Claus Schmiedel: „Stuttgart 21 und die Neubaustrecke bilden eine Einheit, der Bau des Projekts hat begonnen und die Forderung nach einem Moratorium streut den Menschen Sand in die Augen“
SPD-Landtagsfraktionschef Claus Schmiedel hat die Forderung von SPD-Landesvize Hilde Mattheis, die Zustimmung zu Stuttgart 21 zu überdenken, entschieden zurückgewiesen und einzelne Führungsleute seiner Partei vor einem Wackeln gewarnt. Stuttgart 21 und die Neubaustrecke Wendlingen-Ulm seien ein sinnvolles verkehrs- wie infrastrukturpolitisches Vorhaben, das in den letzten Jahren in allen dafür zuständigen, demokratisch legitimierten Gremien wie auch auf allen Parteitagen der Landes-SPD eine deutliche Mehrheit bekommen habe. „Die SPD-Landtagsfraktion steht ohne Wenn und Aber zu Stuttgart 21 – das gilt heute und auch morgen“, unterstrich Schmiedel.

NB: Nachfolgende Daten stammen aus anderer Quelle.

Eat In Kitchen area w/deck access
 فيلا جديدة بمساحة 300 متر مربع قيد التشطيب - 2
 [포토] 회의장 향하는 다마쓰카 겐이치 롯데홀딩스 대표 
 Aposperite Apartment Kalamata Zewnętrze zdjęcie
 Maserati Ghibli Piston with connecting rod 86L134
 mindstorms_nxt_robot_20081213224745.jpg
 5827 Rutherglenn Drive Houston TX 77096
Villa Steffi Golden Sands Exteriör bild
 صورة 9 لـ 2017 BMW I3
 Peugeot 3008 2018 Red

Er hob hervor, dass die SPD den Umbau des Kopfbahnhofs und den Neubau der Schnellbahntrasse immer als eine untrennbare Einheit gesehen habe. „Das eine zu tun und das andere zu lassen, geht nicht und ist verkehrspolitischer Unfug“, so Schmiedel.
Er verwies ferner auf die Tatsache, dass der Bau des Projekts auf der Grundlage rechtskräftiger Verträge und demokratischer Beschlüsse nach jahrelangem Vorlauf nunmehr begonnen habe. Dies gelte nicht nur für die Baumaßnahmen im Stuttgarter Bahnhof, sondern ab Herbst dann auch für die Neubaustrecke. „S 21 ist tatsächlich unumkehrbar, und das ist gut so“, betonte der SPD-Fraktionschef. Die aktuelle Kostenentwicklung bewege sich im Verhältnis zum Nutzen nach wie vor in einem absolut vertretbaren Rahmen.
Schmiedel bezeichnete vor diesem Hintergrund die Forderung nach einem Moratorium bei S 21 als „Flucht aus der Wirklichkeit“. Wer in der jetzigen Umsetzungsphase von S 21 noch Hoffnungen auf einen Ausstieg nähre, streue sich selbst und den Menschen auf unverantwortliche Weise Sand in die Augen.